Added Hascup, "He would run an Annual Picnic for the Orphans of St. Peter's and later on, he would do the same thing for the kids of COMBATT (Community Organization Making Boxing Alternatives Today for Tomorrow, based out of Newark, that provides alternatives activities for troubled teens). Just before Christmas, he would give them a Christmas Party, giving them several gifts.
Added Hascup, "Every year, Paul ran the Annual Ring 25 Dinner Dance and he would bring the COMBATT kids. We even drove all the way down the Jersey Turnpike to bring the COMBATT kids to see a rodeo and he and his wife made all the food and drinks for all of them."
Hascup recalled Venti's love for boxing history.
"For the former boxers and boxing fans he would run trips and led in putting up several monuments of many great boxers such as Joe Borrell, Tippy Larkin and Ike Williams and he was working on one for Jersey Joe Walcott. Back in 1996, Paul led the city of Jersey City in remembering the 75th anniversary of Dempsey-Carpentier fight, and 10 years later he did it again. He even had the street named Jack Dempsey Plaza. He would ask me if I could get some championship belts and he would give them to several New Jersey State Champions that never received one."

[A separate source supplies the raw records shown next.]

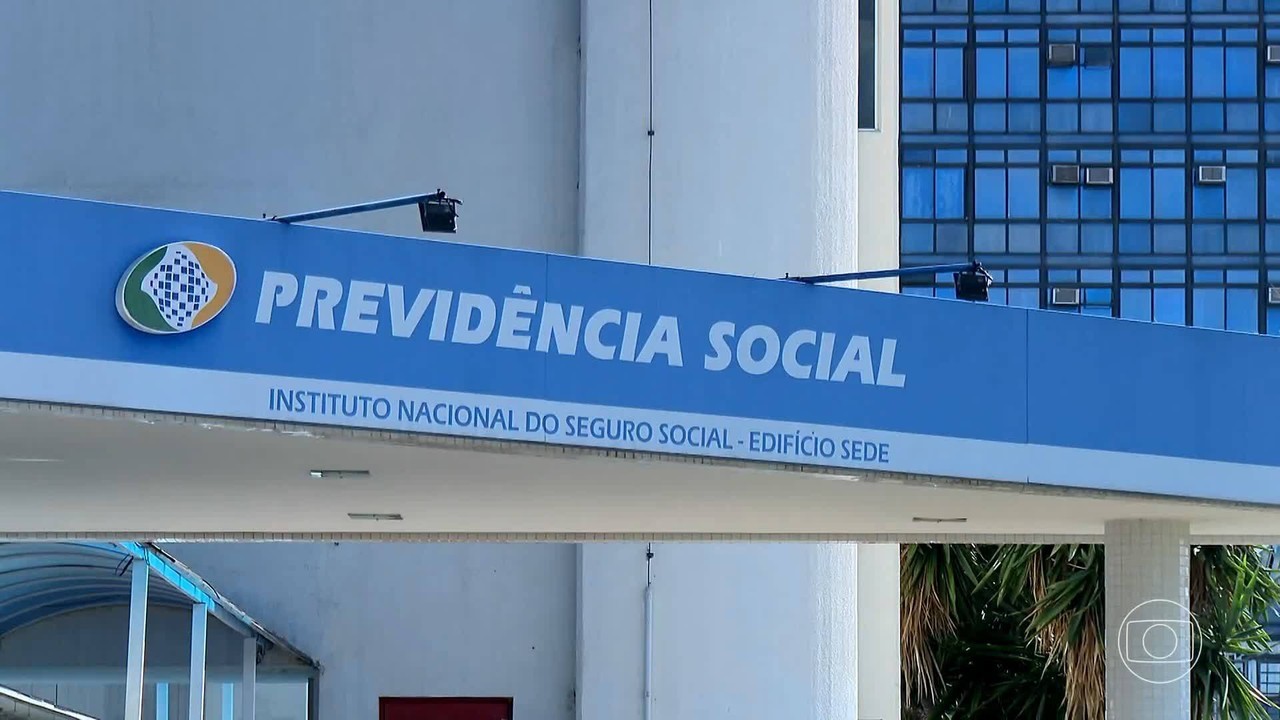 Lupi defende que INSS deixe de intermediar relação entre aposentados e associações: 'Relação entre particulares'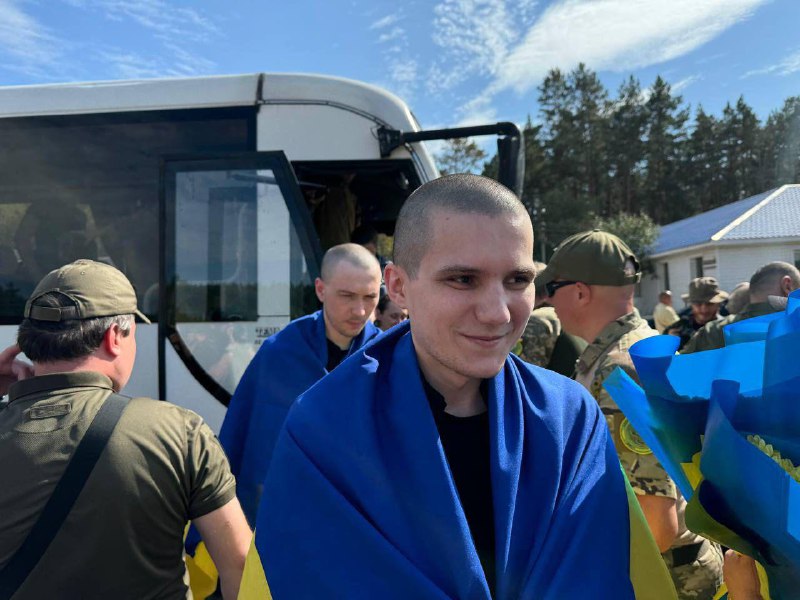 49 Ukrainian POWs were released from Russian captivity, including Leniye Umerova, a civilian girl that was held as a hostage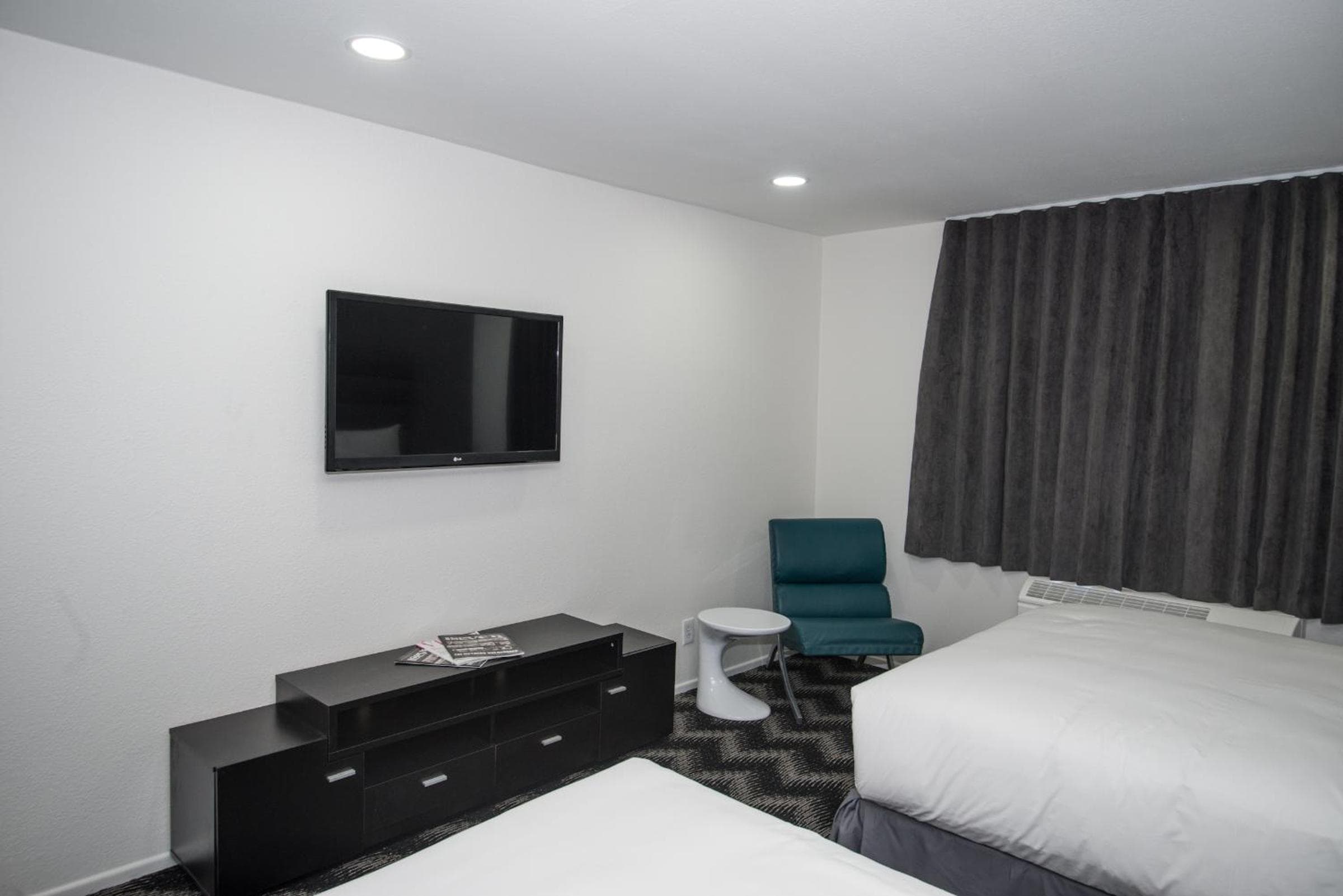 Siegel Select LV Strip-Convention Center — 27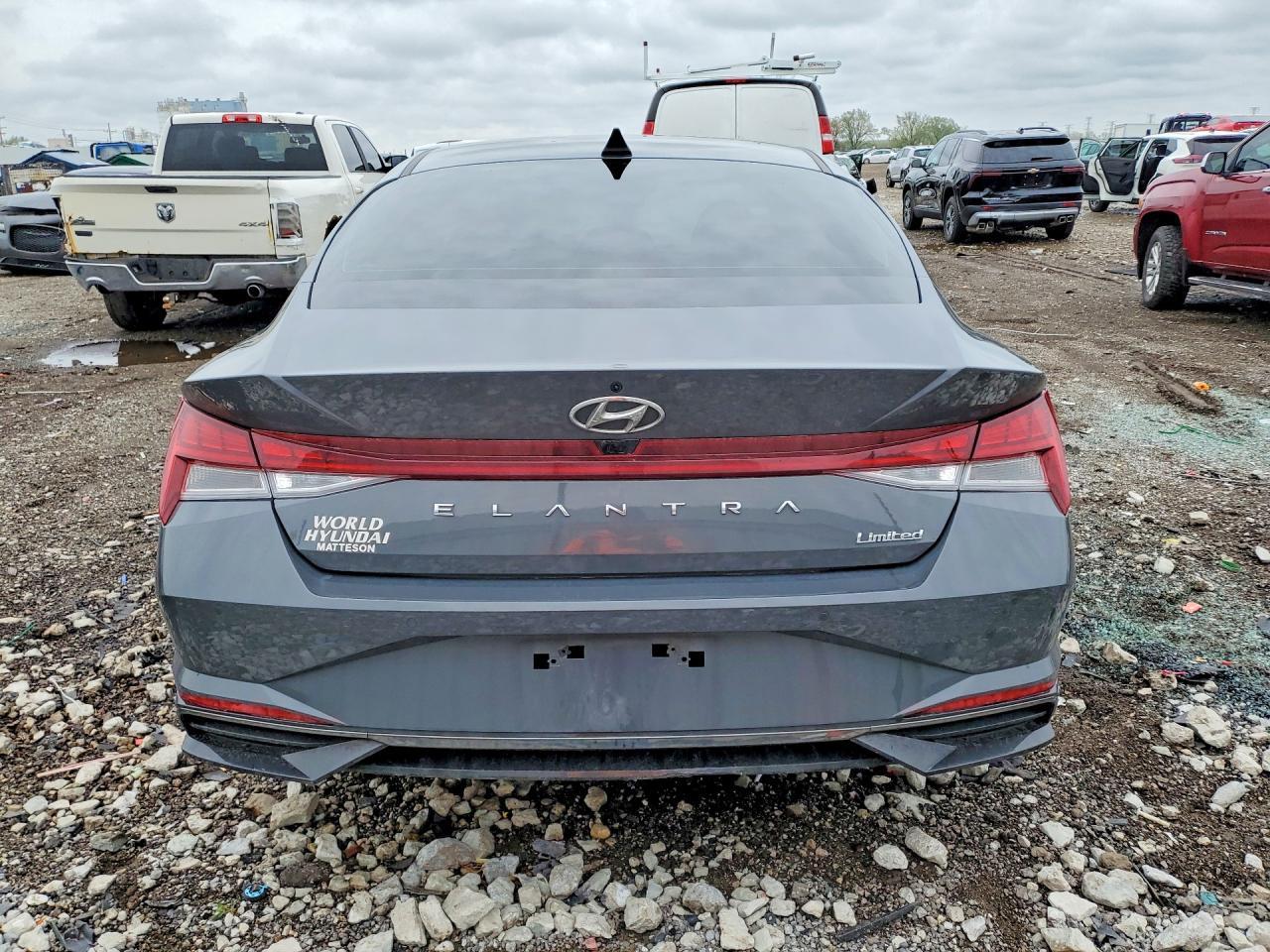 2023 Hyundai Elantra Limited - Фото 6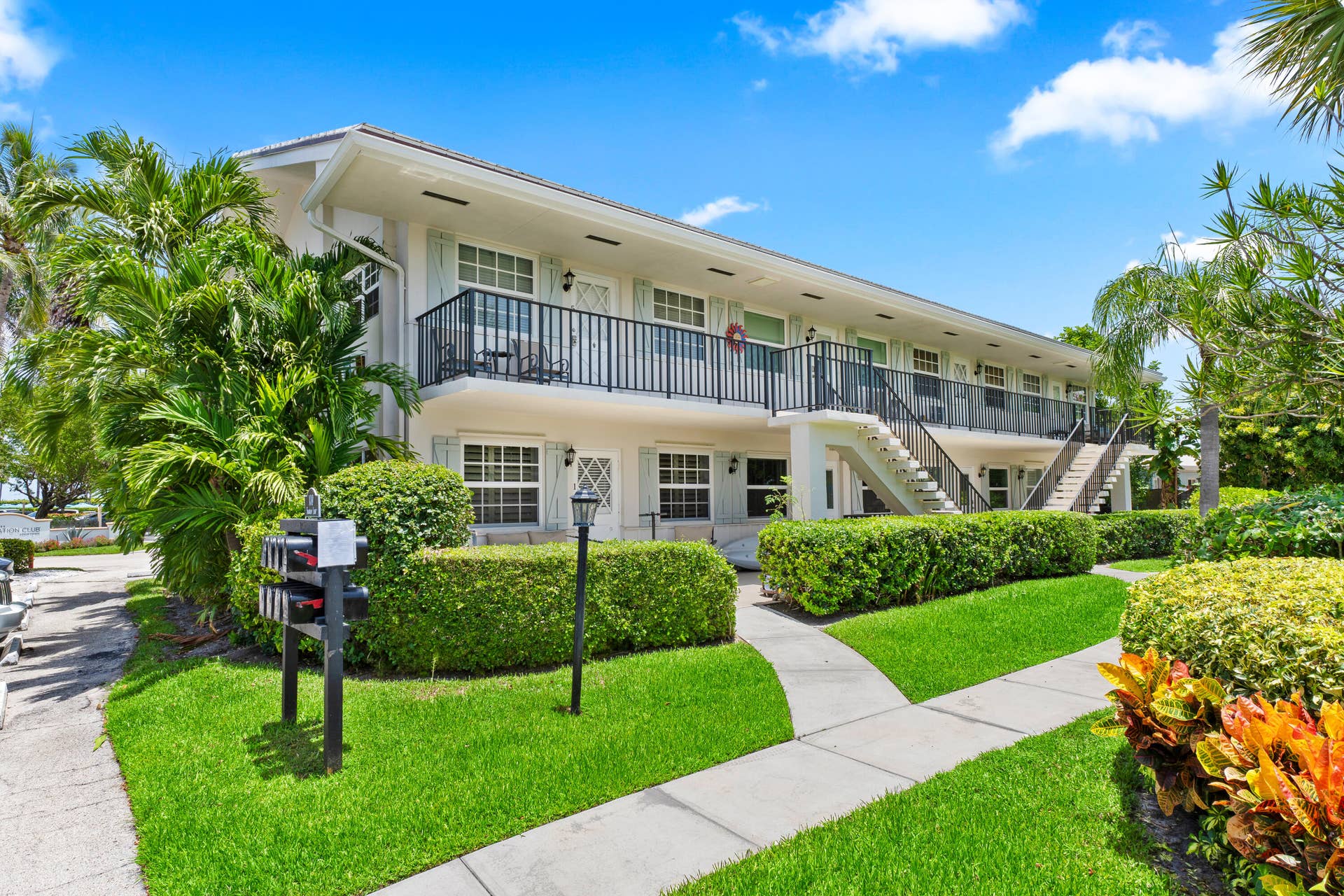 100 Bravado Lane, #2, Palm Beach Shores, FL 33404 100 Bravado Lane, #2, Palm Beach Shores, FL 33404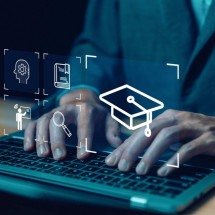 IA na educação: docentes utilizam tecnologia para personalizar o aprendizado -  Shutterstock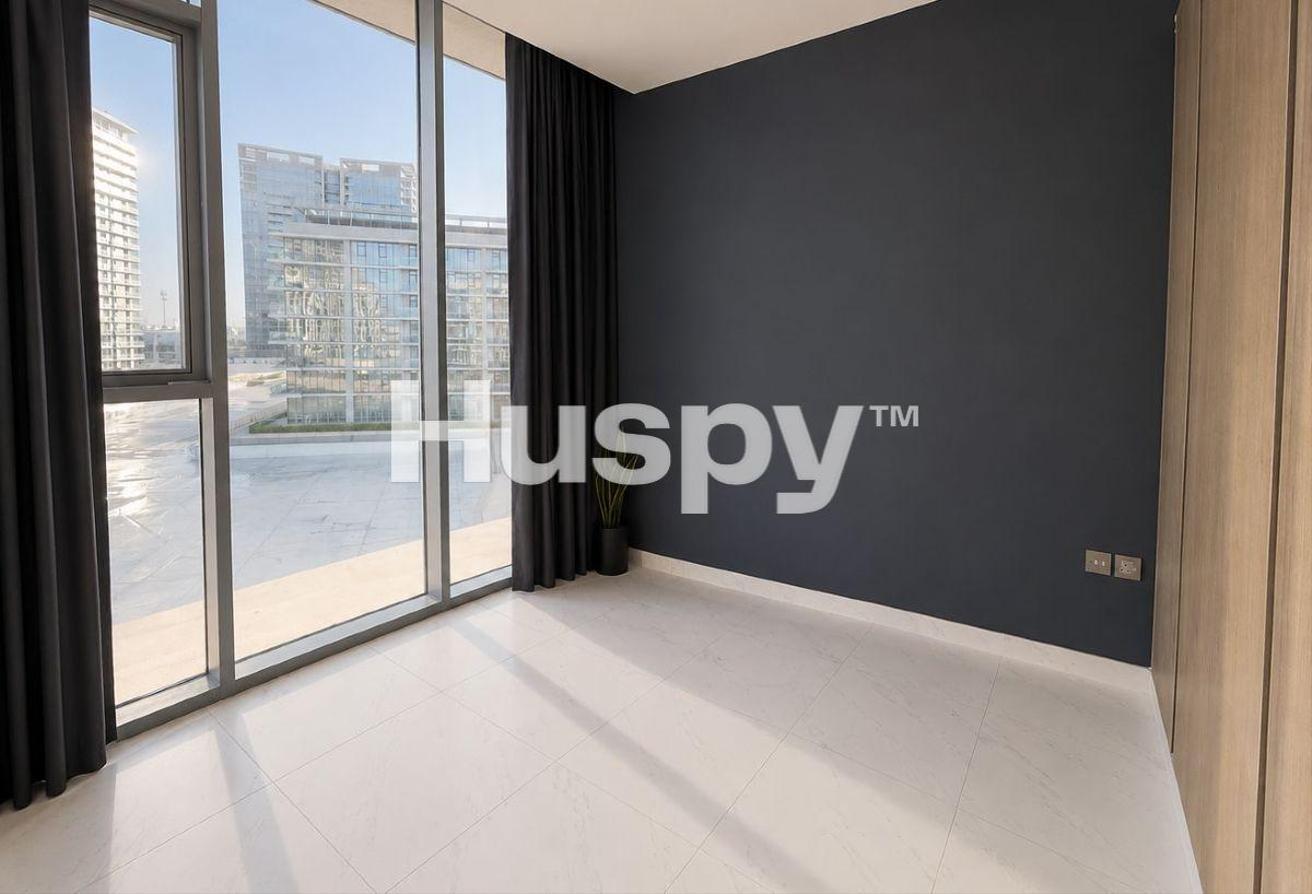 Unfurnished | Lagoon View | Large Layout photo 6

Hascup had a funny story to share about Venti.
"The only thing Paul loved more than boxing was his family, especially his wife, Hilda," Hascup said. "A few months ago I was ring announcing and Paul was one of the judges. We had a 15-minute break, then I asked everyone to come back to ringside and I also called the boxers to the ring. Just when I was going to announce the next bout, the timekeeper called me over and said Paul wasn't back yet, so don't start the bout. I looked over at his chair and it was empty. I then looked in the back of the place where Hilda was sitting and there was Paul, giving the love of his life something to drink and eat."
Hascup said that he could continue with favorite stories about Venti.
"Paul will be missed so much that I can not even begin to tell you," Hascup said. "I can honestly say that I loved that man."
From a personal aspect, Paul Venti became a friend in recent years after I appeared at some of his Ring 25 events and after I wrote a book two years ago about the life of former heavyweight champion James J. Braddock. Paul made sure that I was always included in everything he did involved with boxing and would call on a regular basis just to talk about sports and what I was doing.
Last May, Paul presented me with an award at his Ring 25 dinner dance. I was greatly moved by the gesture and will be forever grateful. Gaughan also received an award that day.
In July, Paul and I both spoke, along with Hascup, at the 85th anniversary of the Dempsey-Carpentier fight at the Jersey City Library. He truly was a great man with a big heart and will be sorely missed.
Paul Venti was 86 years old. He leaves behind a wife, Hilda, a daughter Maria, a son Michael, and four grandchildren.
And now, the Hudson County Hall of Fame dinner will be so totally different without having him there to receive his award.